# Finding a power series representation

1. Apr 10, 2007

### superdave

1. The problem statement, all variables and given/known data

Start with the power series representation 1/(1-x) = sum from n=0 to inf. of x^n for abs(x) < 1 to find a power series representation for f(x) and determine the radius of convergence.

f(x)=ln(5+x^2)

2. Relevant equations

3. The attempt at a solution

Okay, so I get

1/(1-q)= sum q^n

Now, the problem lies in the fact that x is to a power of 2.

so if q= (-(x^2)-4) I get 1 / (1-(-(x^2)-4)) but if I want to integrate that, now that x is squared, I don't get the ln.
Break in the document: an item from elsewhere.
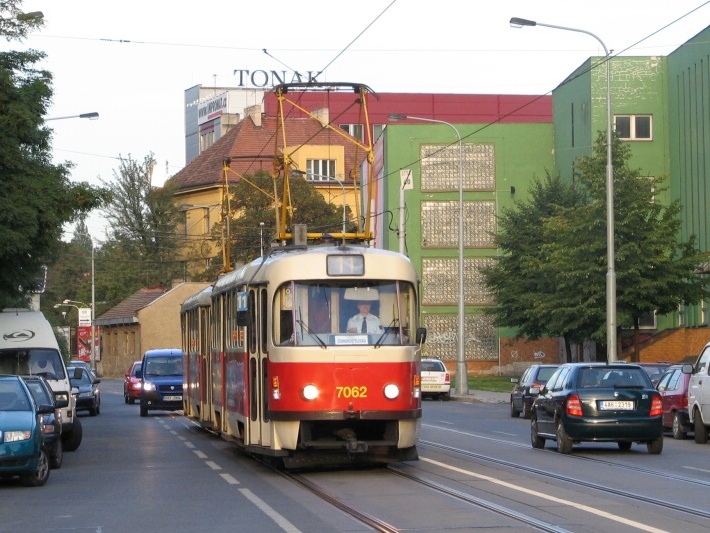 K zastávce Michelská přijíždí souprava vozů T3SUCS ev.č.7062+7043 vypravená na linku 11. | 20.9.2007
Can I do it the other way?

integrate first to get:

ln (1-q) = sum q^(n+1) / (n+1) and then replace q? I feel like that shouldn't work.

2. Apr 10, 2007

### Mystic998

My thoughts: f'(x) = 2x/(5 + x^2), right? So, keeping in mind that x is a constant term with respect to summation and all the work you've done, how would you write that as an infinite series?

Of course, I haven't done this in a while, so I could be completely wrong. Heh.

3. Apr 10, 2007

### HallsofIvy

Staff Emeritus
Yes. The derivative of ln(5+ x2 is 2x/(5+ x2). Now, you want to make that look like the sum of a geometric series a/(1- r). First, divide both numerator and denominator by 5: (2/5)x/(1+ x^2/5)= (2/5)x/(1- (-x^2/5)). Do see what a and r must be? Once you have the geometric series, integrate term by term to go back to the logarithm.